Um eine grenzüberschreitende Vollstreckung im Heimatland des Täters einzuleiten, übermittelt die zuständige Behörde des Entscheidungsstaats die zu vollstreckende Entscheidung oder eine beglaubigte Abschrift der Entscheidung zusammen mit einer speziellen Bescheinigung an die zuständige Behörde des Vollsteckungsstaates (vgl. Art. 4 Rahmenbeschluss).

Die Bescheinigung, deren Form und Inhalt sich aus dem im Anhang des Rahmenbeschlusses abgedruckten Standardformulars ergibt, muss u.a. neben Angaben

  • zu den beteiligten Behörden,
  • zum Tatvorwurf,
  • zur Person des Täters und
  • zu der zu vollstreckenden Entscheidung,

auch eine Bestätigung u.a. darüber enthalten, dass die betroffene Person im Falle eines schriftlichen Verfahrens „gemäß den Rechtsvorschriften des Entscheidungsstaats persönlich oder über einen nach innerstaatlichem Recht befugten Vertreter von ihrem Recht, die Entscheidung anzufechten, und von den Fristen, innerhalb deren ein Rechtsmittel einzulegen ist, unterrichtet worden ist“ (vgl. das Standardformular der Bescheinigung im Anhang des Rahmenbeschlusses). Die Bescheinigung wird in die Amtssprache oder eine der Amtssprachen des Vollstreckungsstaates übersetzt (vgl. Art. 16 Rahmenbeschluss).

Sämtliche in Art. 5 des Rahmenbeschlusses aufgeführten Straftaten und Verwaltungsübertretungen (Ordnungswidrigkeiten) führen – wenn sie im Entscheidungsstaat strafbar sind und so wie sie in dessen Recht definiert sind – gemäß dem EU-Rahmenbeschluss auch ohne Überprüfung des Vorliegens der beiderseitigen Strafbarkeit zur Anerkennung und Vollstreckung von Entscheidungen.

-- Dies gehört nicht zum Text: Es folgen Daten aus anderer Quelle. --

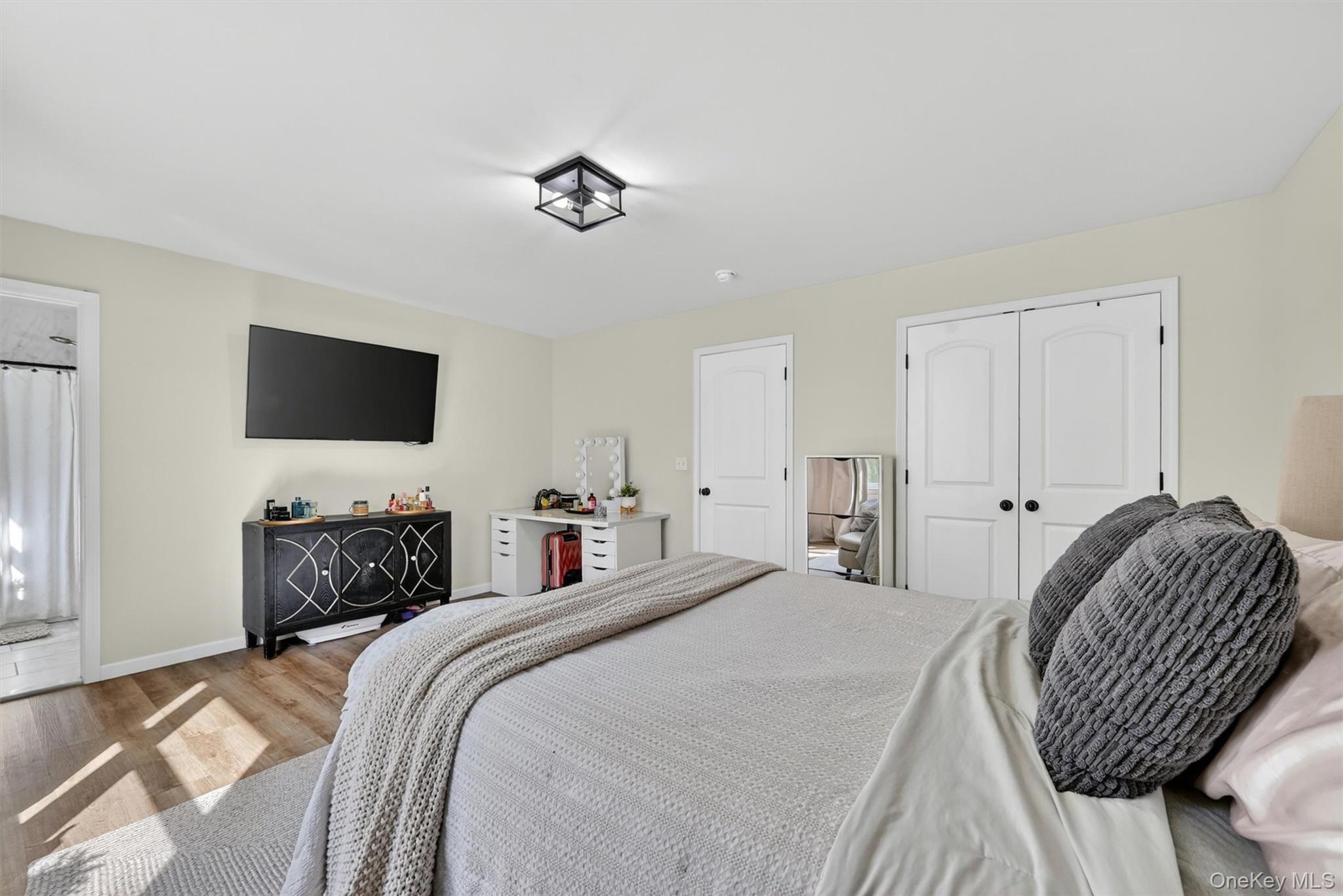 153 Ridge Drive Middletown, NY 10940 - Photo 27 of 47 a bedroom with a bed and a flat screen tv
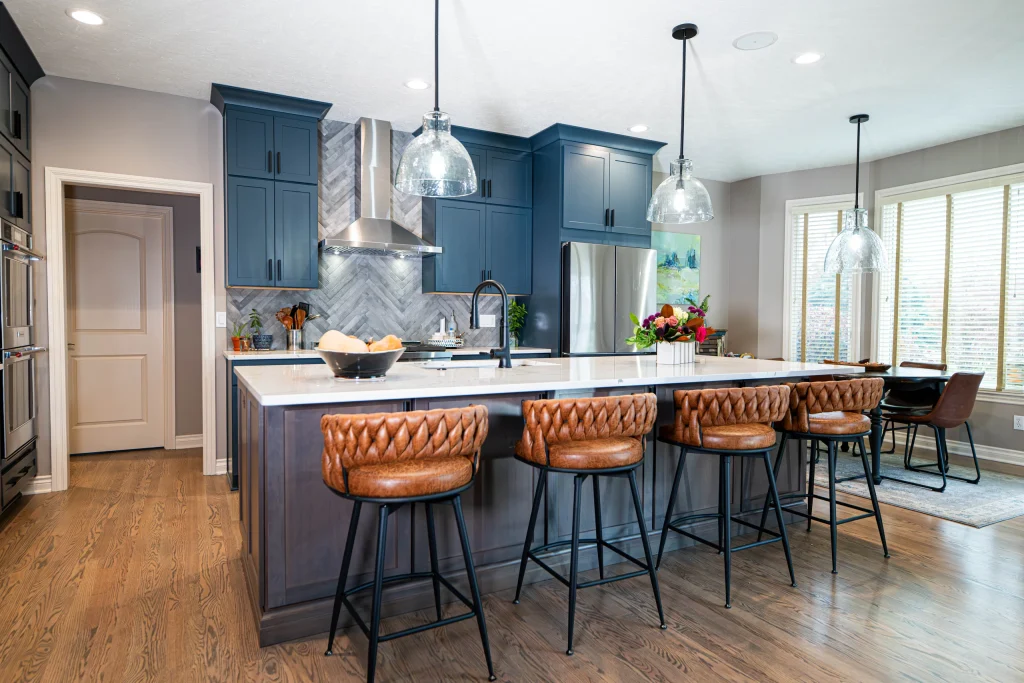 Blue kitchen cabinets behind a broad island with brown stools and glass pendant lights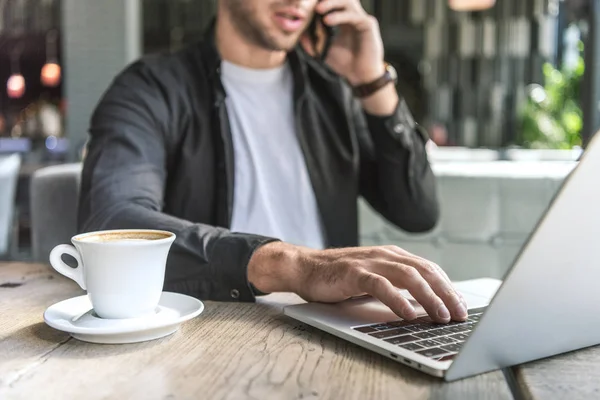 Tiro recortado de jovem freelancer com xícara de café trabalhando com laptop no café e falando por telefone — Fotografia de Stock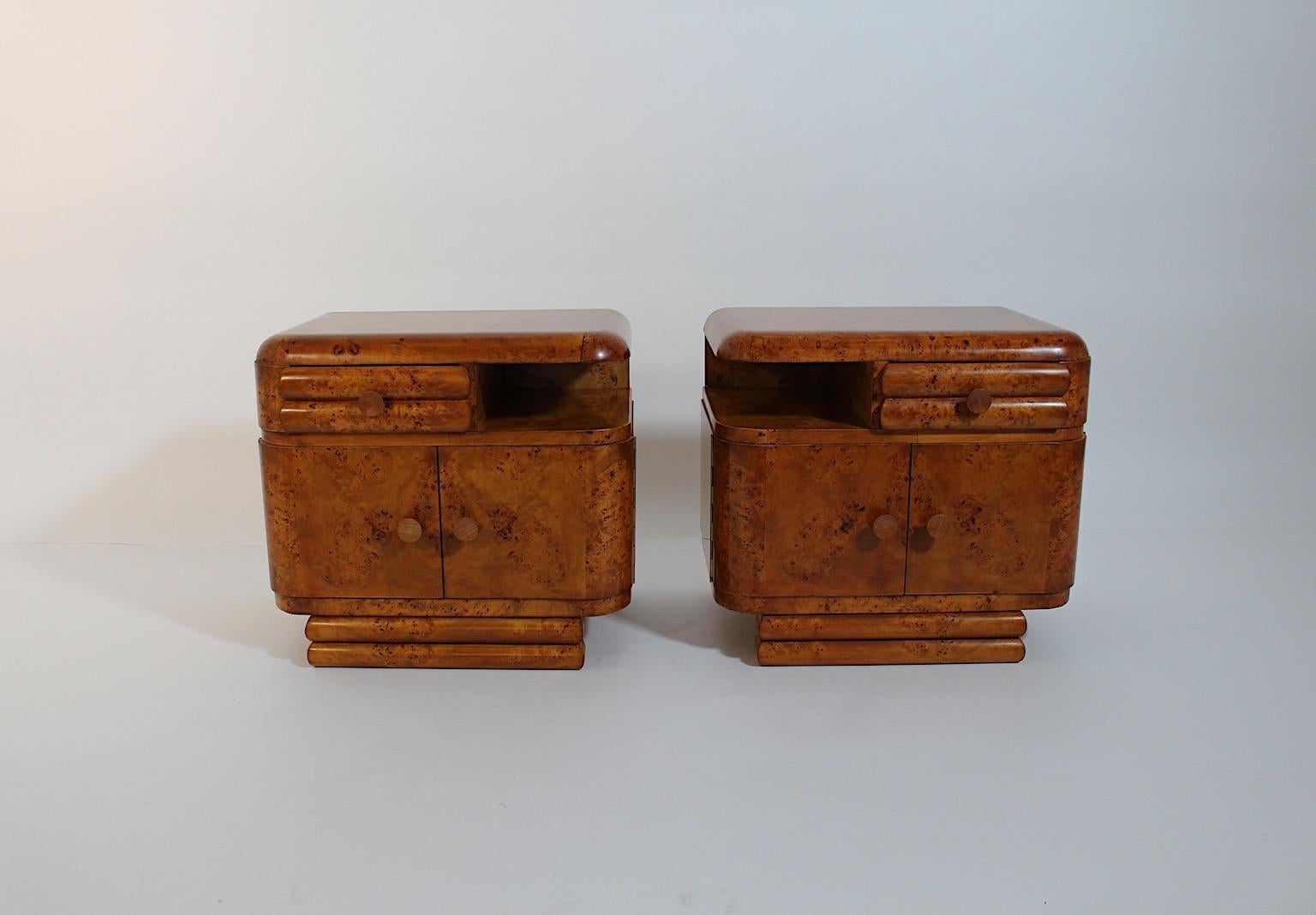 Art Deco vintage pair of nightstands or small chests from poplar 1930s Vienna.
A sophisticated pair of nightstands or small chests, each with 2 doors and 1 drawer, with a beautiful grain and a shellac polished surface by hand.
Through the shellac
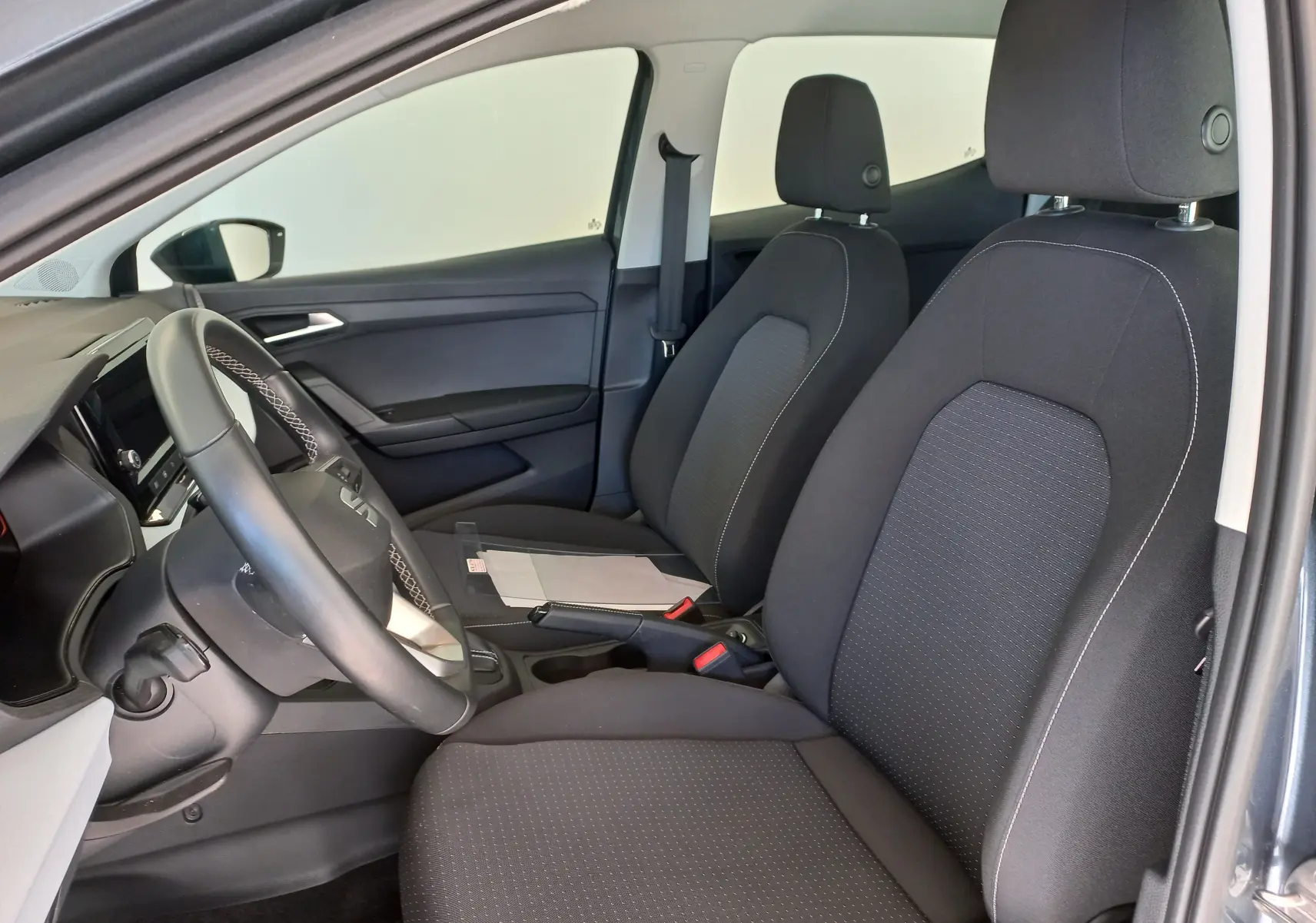 Vue intérieure côté conducteur de la SEAT IBIZA 2025 gris magnétique, montrant les sièges avant et le volant.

Nach Art. 6 des Rahmenbeschlusses erkennen die zuständigen Behörden im Vollstreckungsstaat die gemäß Art. 4 Rahmenbeschluss übermittelten Entscheidungen ohne jede weitere Formalität an und treffen unverzüglich alle erforderlichen Maßnahmen zu deren Vollstreckung. Dies gilt nur dann nicht, wenn die zuständige Vollstreckungsbehörde beschließt, einen in Art. 7 Rahmenbeschluss niedergelegten Grund für die Versagung der Anerkennung oder der Vollstreckung geltend zu machen.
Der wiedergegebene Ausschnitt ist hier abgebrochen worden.